The Colonial Revival Style in America, captured the imagination and inspired generations of architects and home owners to revisit the classically based architectural style common during our early American history.
The Colonial Revival manifests the awakened interest in America’s, and especially New England’s, colonial heritage. First stimulated by the centennial celebrations of 1876, the style became dominant in domestic designs in the 20th century. The style is classically based, as was the Georgian and Federal styles which have inspired it.
Wood and brick are the favored building materials, and the elements of colonial design included porches with classical columns, entrance doors with sidelights or fanlights, 6/6 double hung sash, quoins or pilasters supporting classical cornices and dormers with pediments.
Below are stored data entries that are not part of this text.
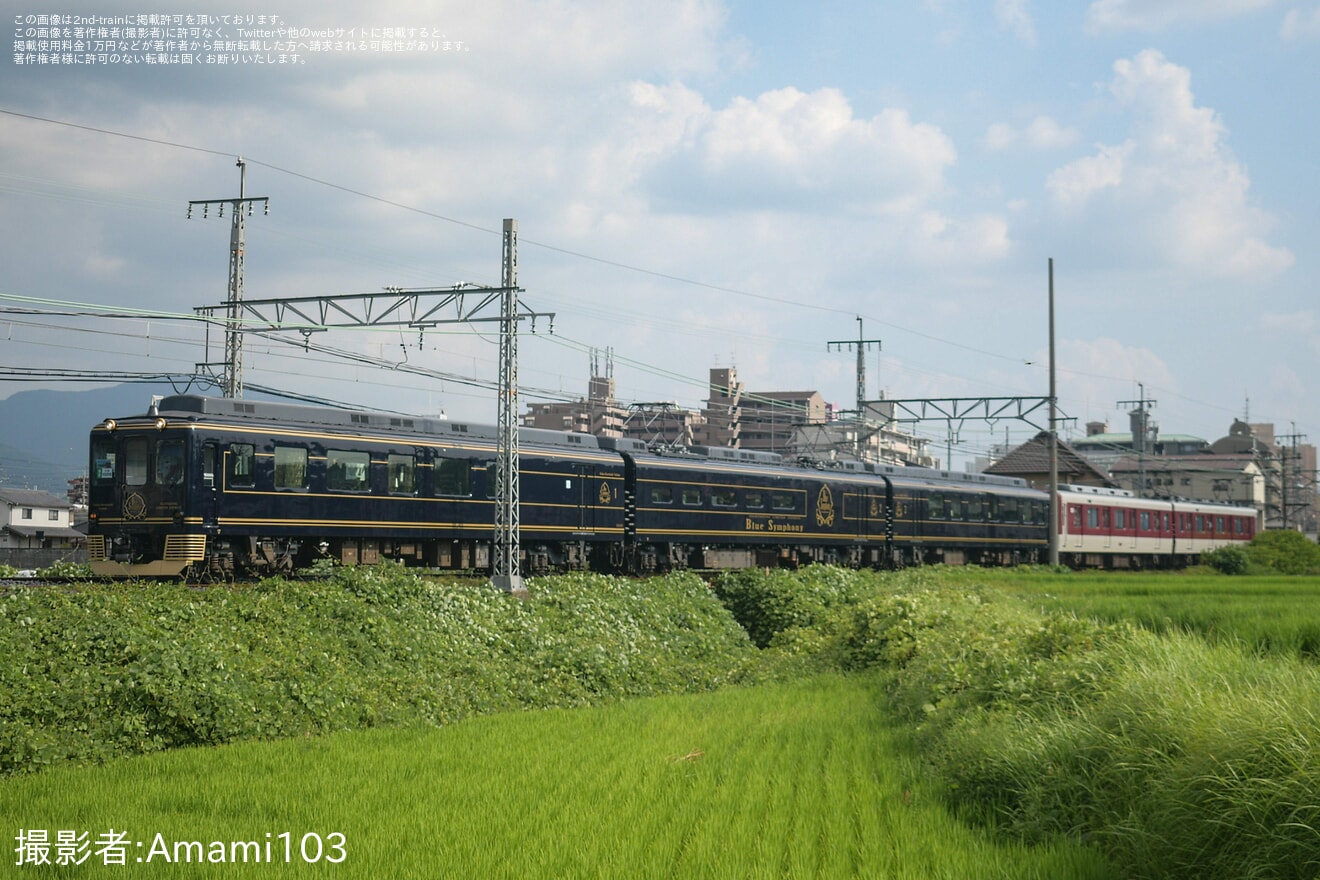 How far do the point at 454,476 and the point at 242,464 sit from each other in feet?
17.7

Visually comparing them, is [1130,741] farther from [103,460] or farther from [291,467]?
[103,460]

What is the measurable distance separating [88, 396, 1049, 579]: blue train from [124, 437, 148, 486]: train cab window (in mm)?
30

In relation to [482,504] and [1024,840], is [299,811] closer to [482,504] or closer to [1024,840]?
[1024,840]

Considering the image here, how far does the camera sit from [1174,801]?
7.44m

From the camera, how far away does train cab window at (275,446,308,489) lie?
2411cm

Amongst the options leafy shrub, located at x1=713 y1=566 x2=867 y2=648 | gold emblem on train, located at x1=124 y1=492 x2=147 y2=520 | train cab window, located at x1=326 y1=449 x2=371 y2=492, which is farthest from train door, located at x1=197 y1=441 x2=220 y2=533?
leafy shrub, located at x1=713 y1=566 x2=867 y2=648

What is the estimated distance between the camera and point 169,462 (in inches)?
893

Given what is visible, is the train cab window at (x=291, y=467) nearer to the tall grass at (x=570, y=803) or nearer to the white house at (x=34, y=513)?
the tall grass at (x=570, y=803)

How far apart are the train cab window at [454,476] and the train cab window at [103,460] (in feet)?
22.4

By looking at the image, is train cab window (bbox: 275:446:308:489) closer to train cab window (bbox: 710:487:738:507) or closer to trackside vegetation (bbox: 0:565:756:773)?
trackside vegetation (bbox: 0:565:756:773)

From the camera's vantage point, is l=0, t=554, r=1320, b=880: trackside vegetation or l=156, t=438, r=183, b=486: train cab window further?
l=156, t=438, r=183, b=486: train cab window

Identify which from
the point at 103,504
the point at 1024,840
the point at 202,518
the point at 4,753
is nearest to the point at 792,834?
the point at 1024,840

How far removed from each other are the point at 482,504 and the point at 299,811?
18.8 meters

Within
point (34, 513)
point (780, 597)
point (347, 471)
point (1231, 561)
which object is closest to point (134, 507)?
point (347, 471) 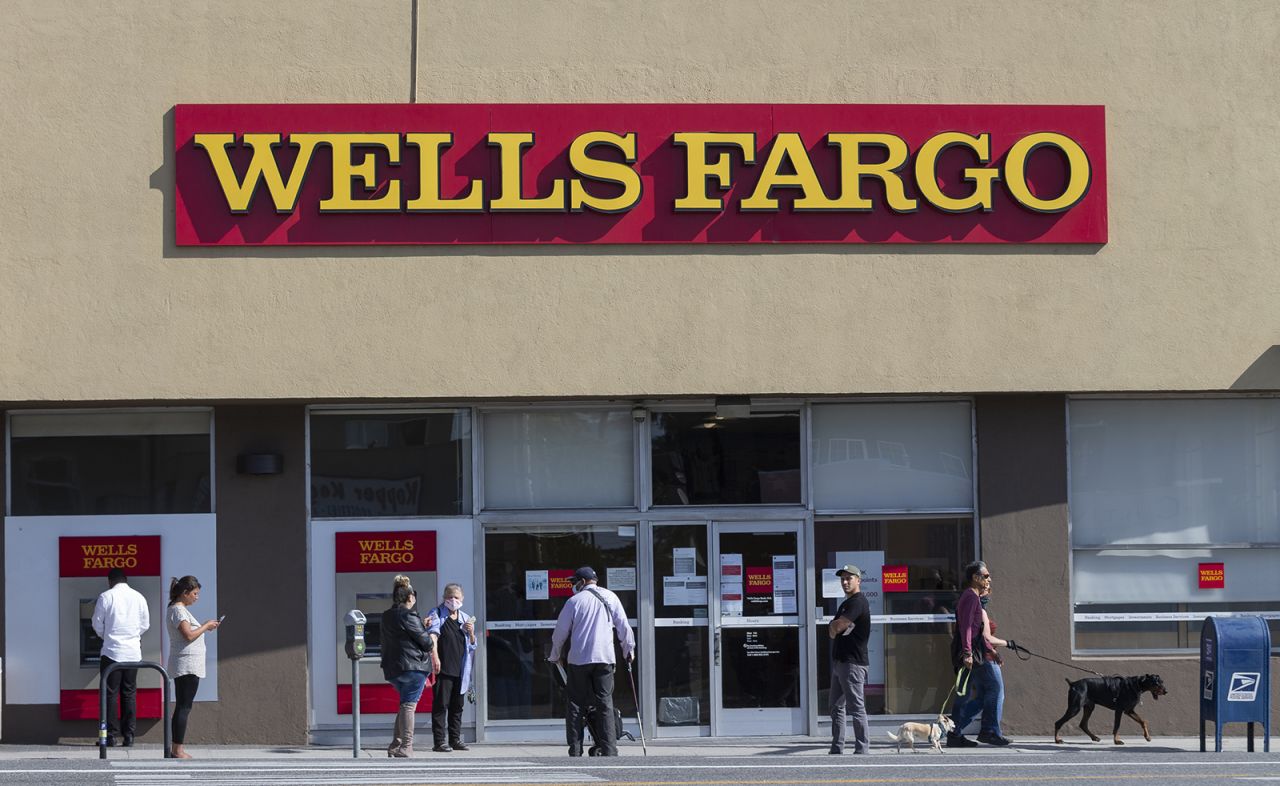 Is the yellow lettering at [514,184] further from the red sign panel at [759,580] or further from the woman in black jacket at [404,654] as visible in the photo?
the red sign panel at [759,580]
The massing of the houses resemble Georgian and Federal era originals, but frequently the scale is larger. The forms are usually two story and rectangular, with gable roofs parallel to the main facade, square with hip roofs, gambrel roof versions we call Dutch Colonial or the one story Cape Cod revivals.
Symmetry is the rule, although the main entrance may be off center. The floor plans, too, revert to those known in the 18th century; center hall plans predominate.
In the late 19th and early 20th century Colonial Revival ornamentation, especially on entrances and dormers, was exaggerated, but by the 1920s, very accurate reproductions of colonial design appeared, especially in New England.
The hip roofed variations are drawn from Georgian sources and were most popular circa 1900-1915. They are also known as the classic box or the American four-square. Some are very plain with a wide, flat cornice and one dormer in each face of the high hip, while others may have much Colonial Revival detailing including Palladian windows, leaded glass sidelights at the door and a classically columned porch.
The most common type is the two story five-bay with centered entrance. The restoration of Colonial Williamsburg, opened in 1928, stimulated many red brick colonials with end chimneys and dormers in the Virginia fashion. Dutch Colonials are identified by the four-plane gambrel roof which enclosed the second story, but otherwise bear little resemblance to Dutch originals.
Most Colonial Revivals can be distinguished from the authentic by a mixing of stylistic details taken from Georgian, Federal or even Greek Revival sources and used together on a single design. Another key is the use of many high-style details on a modest sized house, such as scroll-pediment entrances or elaborate dormers and multiple chimneys.
The Colonial Revival in all its variations comprises a very large part of the 20th century housing stock.